Re: Replicate Fly piezo electronics
Posted: Tue Mar 12, 2024 2:18 pm
by mmmguitar
JimmyFly wrote: ↑Tue Mar 12, 2024 2:13 pm
I've got some VintageVibe Charlie Christians I'd love to try pop in one of these days, yet another project.
Please let me/us know how you like them. I have a Fly bridge pickup wound by Pete, and have held off on asking him to wind a jazz neck pickup because all my current Flys have Sustainiacs. The Charlie Christian is the one I was most curious about.
Re: Replicate Fly piezo electronics
Posted: Tue Mar 12, 2024 2:37 pm
by JimmyFly
I currently have them on a Strandberg Boden 6 and love them. I play everything through a Henriksen Bud 10 amp which makes anything sound amazing so maybe I’m not the best judge.
Re: Replicate Fly piezo electronics
Posted: Tue Mar 12, 2024 3:22 pm
by JimmyFly
And of course switching the leads on the piezo pot worked perfectly.

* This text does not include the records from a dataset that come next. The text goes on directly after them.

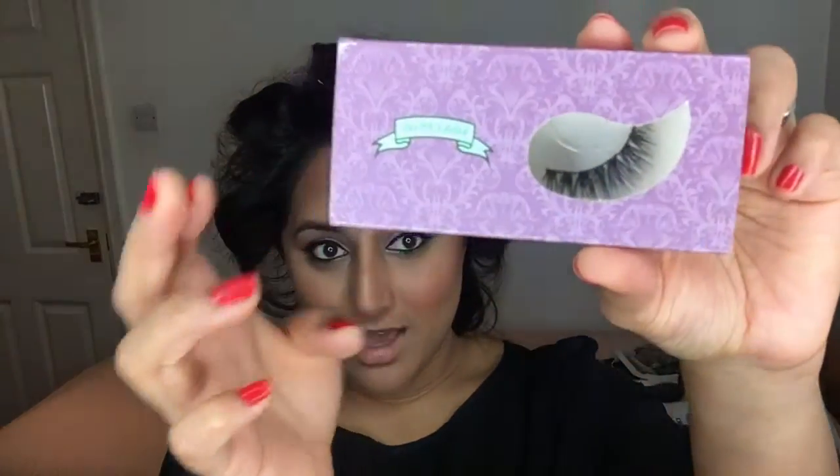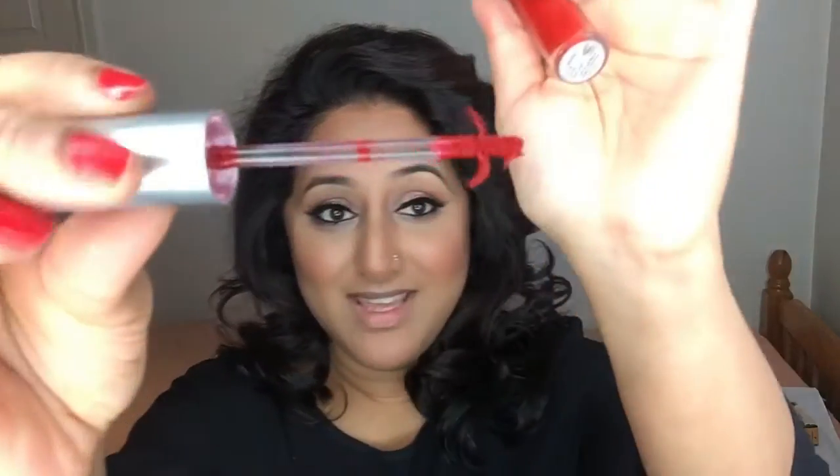I'm going to apply my false lashes — the Mink Lashes by Oh My Lash — off camera as it's faster and then I'll be back. For my lips I'm going in with the Cryolan Lip Stain in the shade Rock, which is a really nice red matte colour that lasts forever. I'll be applying it with a lip brush.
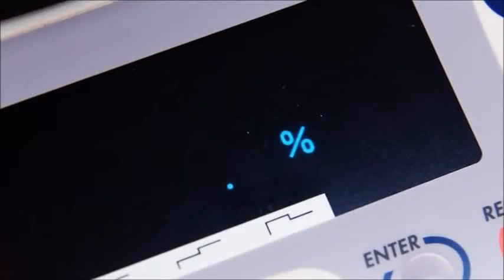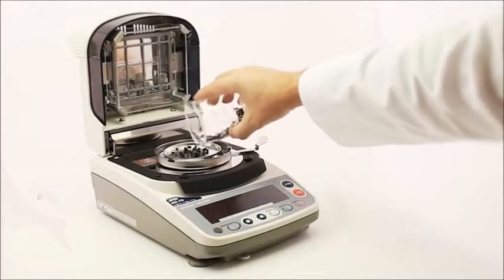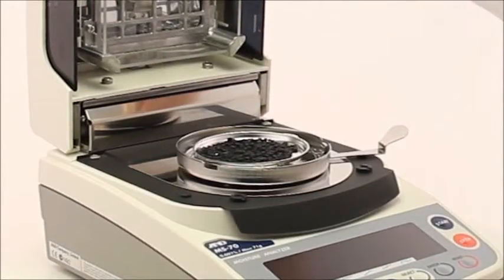The model MS-70 measures down to 0.001% moisture content with its resolution of 0.1 milligrams. Now, even challenging low moisture substances like plastic resins can be conveniently characterized.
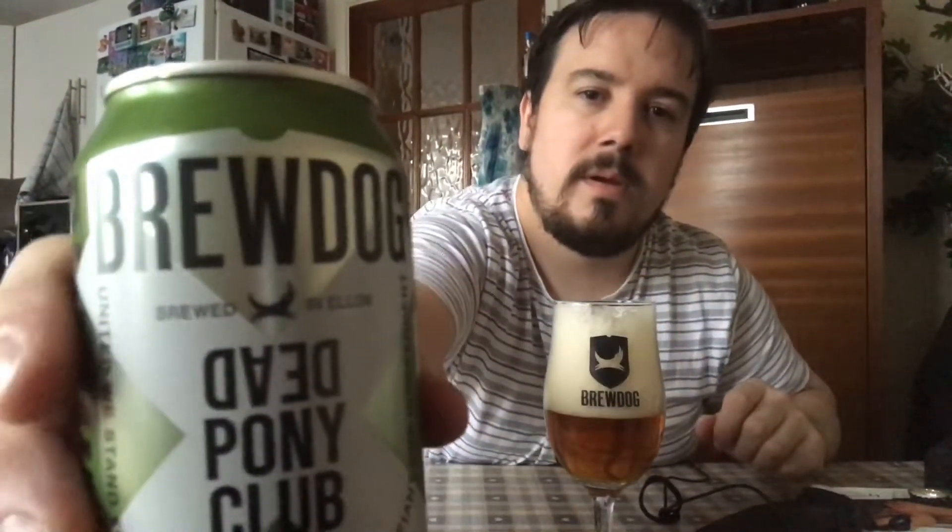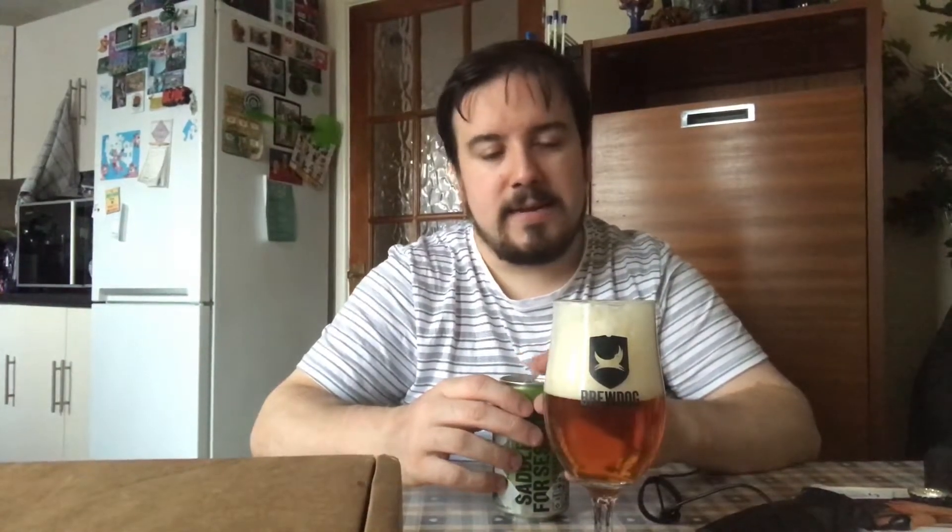Here's another look at the can while I wait for the head to go down - Dead Pony Club. This is something I've not tried before; I got it in a Christmas gift pack. I like the can, it's quite good. As I said, three point eight percent, it's a session IPA. Session is a very opinionated term, but at three point eight percent you can't argue with it - that's not going to get you very drunk, about the same percentage as the Lincoln Green Old Bailey.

Re: Replicate Fly piezo electronics
Posted: Fri Mar 15, 2024 2:16 pm
by JimmyFly
Crazy question. Does a "best" parts list exist of exactly which parts to get to replicate a pre-refined fly? I love my 'new' guitar but to my ear there seems to be something missing that makes my '96classic sound so robust. ( I guess I should have asked that question in my initial post).
Re: Replicate Fly piezo electronics
Posted: Fri Mar 15, 2024 5:51 pm
by mmmguitar
JimmyFly wrote: ↑Fri Mar 15, 2024 2:16 pm
Crazy question. Does a "best" parts list exist of exactly which parts to get to replicate a pre-refined fly? I love my 'new' guitar but to my ear there seems to be something missing that makes my '96classic sound so robust. ( I guess I should have asked that question in my initial post).

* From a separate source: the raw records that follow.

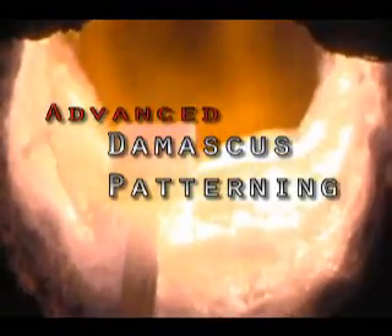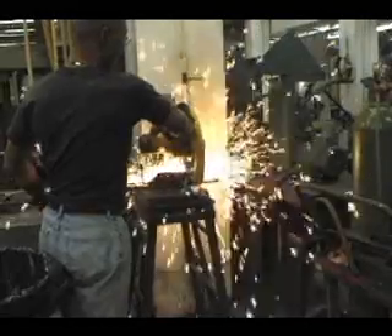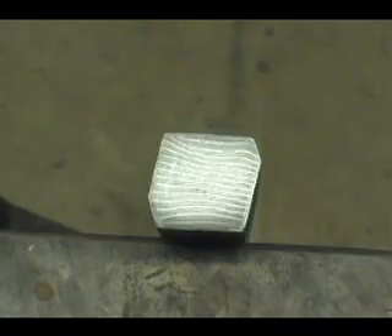Welcome to my exciting multimedia CD on Damascus Steel Technology. Welcome to Hammersmith Knives and Publications Damascus Tutorial CD Presentation. We're going to be walking you through all the exciting Damascus Steel patterns that you've become familiar with, and I'll be explaining how they're all made.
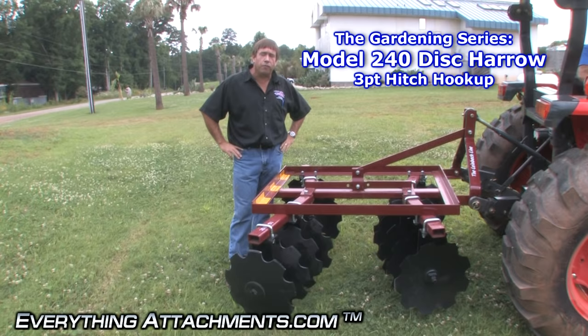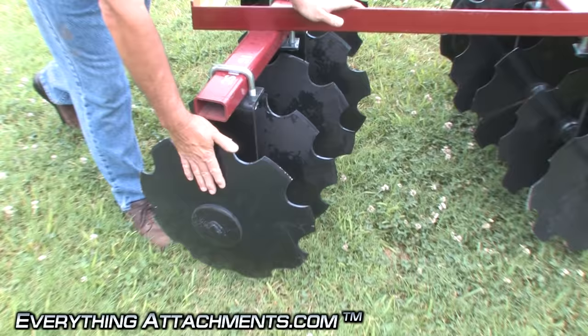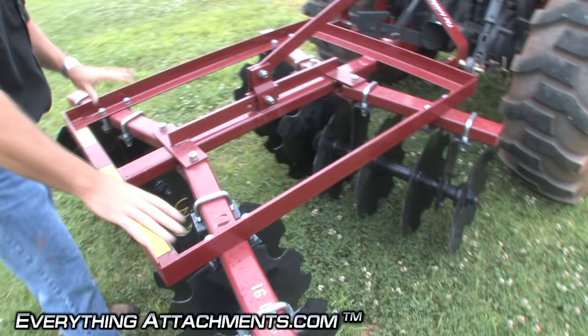Hi, I'm Ted from Everything Attachments and we're here to show you how to use and adjust a model 240 disc harrow. This disc harrow does have an adjustment to be able to change the angles of your gangs. These are called gangs — they're 18 inches in diameter, there's 16 of them, so this is a model 240 1618.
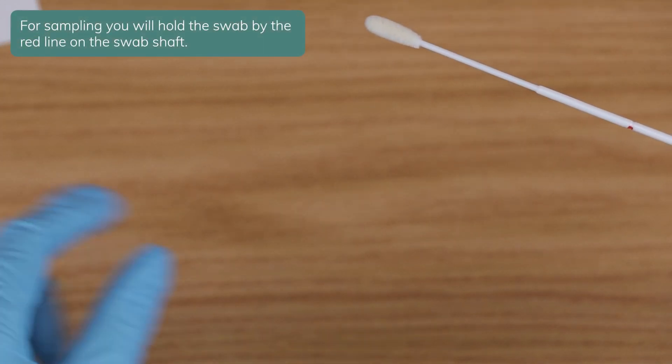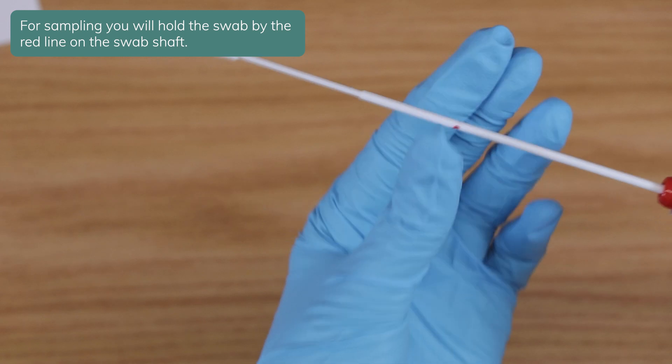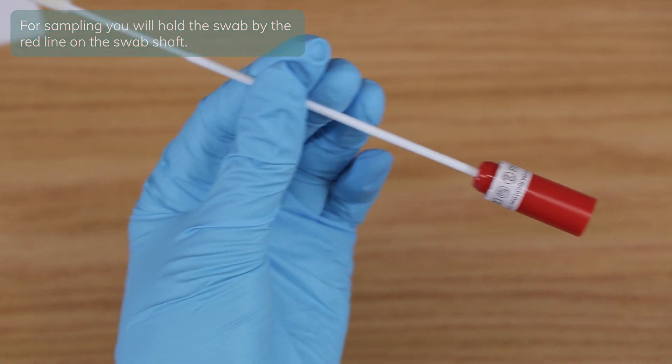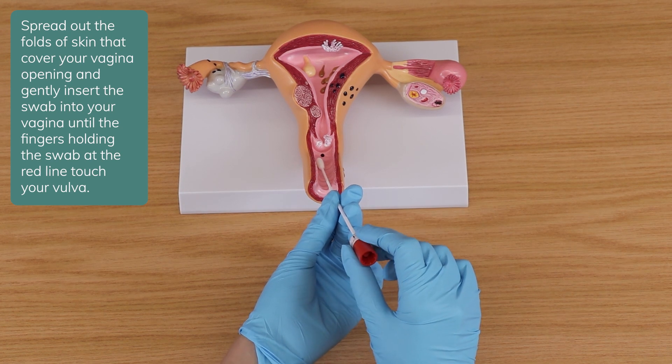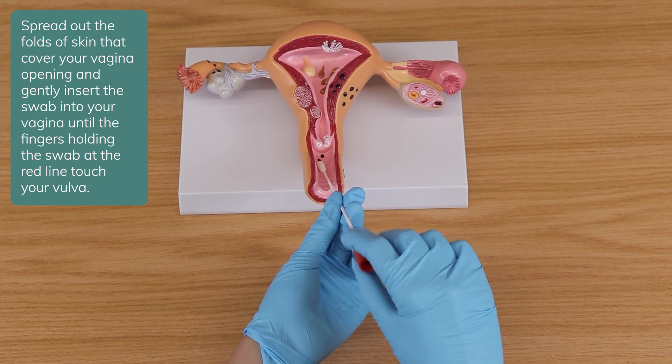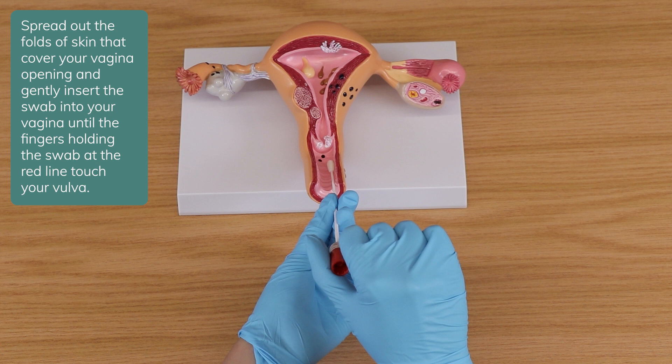For sampling, you will hold the swab by the red line on the swab shaft. Spread out the folds of skin that cover your vaginal opening and gently insert the swab into your vagina until the fingers holding the swab at the red line touch your vulva.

If there is, I’d be curious to see it. I’m hoping others will chime in; because I consider it a matter of opinion, rather than anything strictly prescriptive:
I think a Fly sounds like a Fly due to the peculiarities of its construction; and that there are gaps between your PDF and Fly which component values won’t necessarily bridge. Though you can certainly experiment with different pickups and how their resonant peaks are affected by component values, I expect it’s the same uphill challenge that getting your PDF to replicate your Strandberg’s timbres would be.
If, for example, you transplanted a ‘90’s Fly’s pickups, pots, ribbon assembly, and Fishman preamp into a Les Paul or a Strat, they still wouldn’t sound like the donor Fly.